» **What you should do**:
Find the line that holds "Pink Flower Outline", then repeat it and each line below it word for word through the end of the listing, leaving out pictures.

» **Input data**:
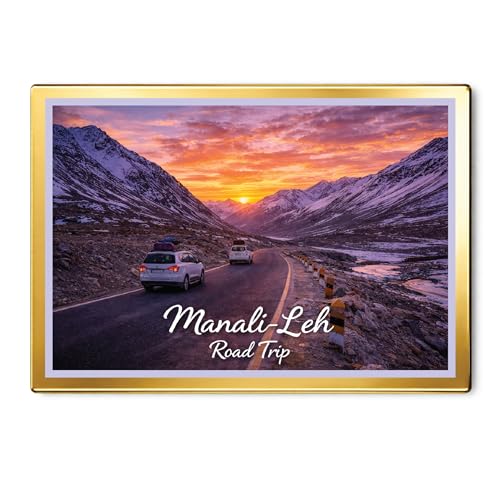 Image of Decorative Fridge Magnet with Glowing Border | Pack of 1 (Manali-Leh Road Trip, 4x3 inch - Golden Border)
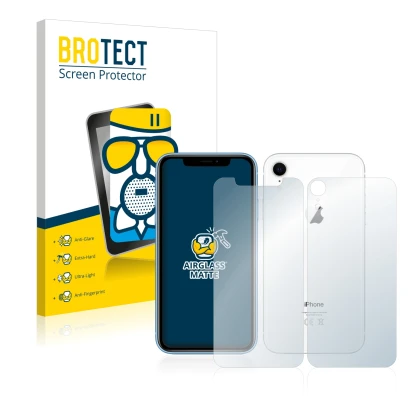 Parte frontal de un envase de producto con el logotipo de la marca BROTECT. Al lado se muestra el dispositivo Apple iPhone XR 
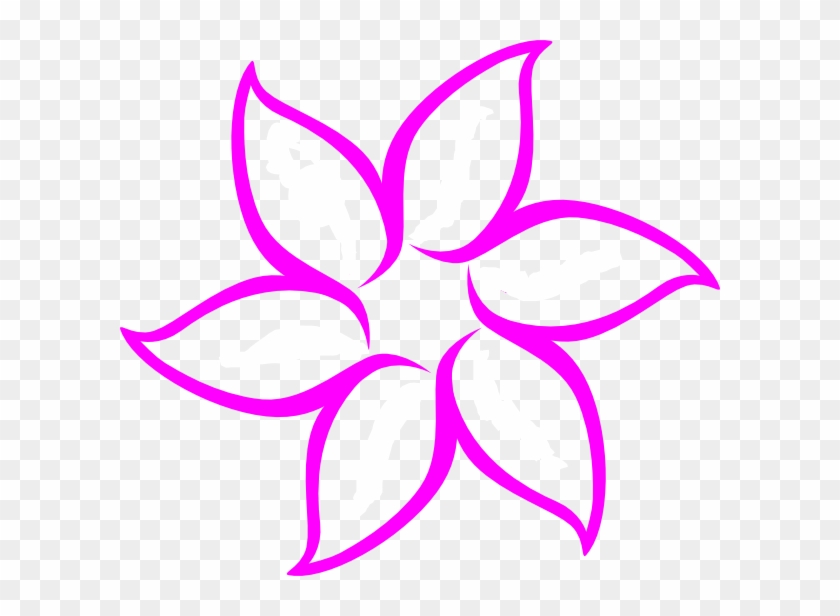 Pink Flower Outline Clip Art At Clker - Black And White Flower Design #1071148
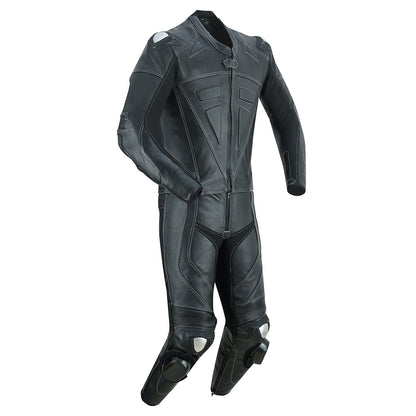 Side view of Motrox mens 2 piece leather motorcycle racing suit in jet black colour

» **Finished exercise**:
 Pink Flower Outline Clip Art At Clker - Black And White Flower Design #1071148
 Side view of Motrox mens 2 piece leather motorcycle racing suit in jet black colour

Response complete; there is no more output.